自分の課題にこだわりを持ち、児童自ら主体的・意欲的に学習を進めさせるために、一連の学習の流れを示す。

1)研究の実際

以前、本校の社会科部会で研究していた「一単元一サイクルによる学習展開理論」を活用し、オリエンテーションを行って学習展開パターンを理解させた。

2)考察

学習展開パターンを示すことで、少しずつ課題追究への自信が見られるようになってきた。また、学級全体としての大課題を設定するにあたっても、互いの疑問をうまく集約しながら設定できるようになってきた。

(2)問題解決型学習を展開する。

一人一人の課題意識を大切にした課題追究の複線化を図ると共に、できるだけ一人調べの時間を確保するように努める。

1)研究の実際

『米作りのさかんな庄内平野』

米作りがさかんな会津盆地に住んでいる児童に、まず庄内平野を学習する必然性を感じさせることが重要であった。
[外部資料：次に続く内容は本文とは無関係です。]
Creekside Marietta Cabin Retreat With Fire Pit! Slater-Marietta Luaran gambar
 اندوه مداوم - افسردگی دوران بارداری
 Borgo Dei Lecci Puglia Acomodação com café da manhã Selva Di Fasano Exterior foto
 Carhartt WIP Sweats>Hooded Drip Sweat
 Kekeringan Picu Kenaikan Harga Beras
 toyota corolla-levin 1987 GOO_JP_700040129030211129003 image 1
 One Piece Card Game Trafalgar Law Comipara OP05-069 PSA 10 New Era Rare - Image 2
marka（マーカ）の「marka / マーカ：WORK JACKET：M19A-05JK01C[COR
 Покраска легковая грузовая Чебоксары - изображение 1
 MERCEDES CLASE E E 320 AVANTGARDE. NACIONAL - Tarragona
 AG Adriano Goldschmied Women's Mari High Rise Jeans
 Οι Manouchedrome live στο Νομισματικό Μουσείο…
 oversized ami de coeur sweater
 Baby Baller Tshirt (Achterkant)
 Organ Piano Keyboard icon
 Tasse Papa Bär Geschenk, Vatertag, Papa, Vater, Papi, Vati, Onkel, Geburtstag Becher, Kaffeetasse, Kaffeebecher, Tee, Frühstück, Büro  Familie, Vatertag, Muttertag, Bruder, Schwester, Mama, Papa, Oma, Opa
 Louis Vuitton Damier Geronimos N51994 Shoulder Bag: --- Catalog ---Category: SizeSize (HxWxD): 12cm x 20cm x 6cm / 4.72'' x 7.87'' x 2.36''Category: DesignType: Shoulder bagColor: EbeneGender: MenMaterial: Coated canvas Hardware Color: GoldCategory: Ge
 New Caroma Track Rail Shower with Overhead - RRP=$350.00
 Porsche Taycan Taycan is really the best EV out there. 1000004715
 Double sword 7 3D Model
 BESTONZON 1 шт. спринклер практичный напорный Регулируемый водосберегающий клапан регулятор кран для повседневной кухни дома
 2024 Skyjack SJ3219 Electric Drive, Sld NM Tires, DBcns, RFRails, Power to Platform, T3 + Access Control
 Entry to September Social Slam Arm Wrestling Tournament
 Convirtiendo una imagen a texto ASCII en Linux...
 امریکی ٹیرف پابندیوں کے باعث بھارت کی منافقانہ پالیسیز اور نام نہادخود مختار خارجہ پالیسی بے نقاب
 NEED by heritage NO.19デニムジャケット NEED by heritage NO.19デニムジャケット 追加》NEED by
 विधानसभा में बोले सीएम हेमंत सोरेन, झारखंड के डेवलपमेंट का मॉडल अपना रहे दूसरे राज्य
そこで、十アールあたりの生産量を示した資料に着目させ、庄内平野の米作りへの関心を高めさせた。

年度初めの単元ということで、手引を参考にしながらの課題作りではあったが、いくつかの疑問や予想が飛び交う中から、自然条件と人為的条件とに分類し、スムーズに大課題、小課題を設定することができた。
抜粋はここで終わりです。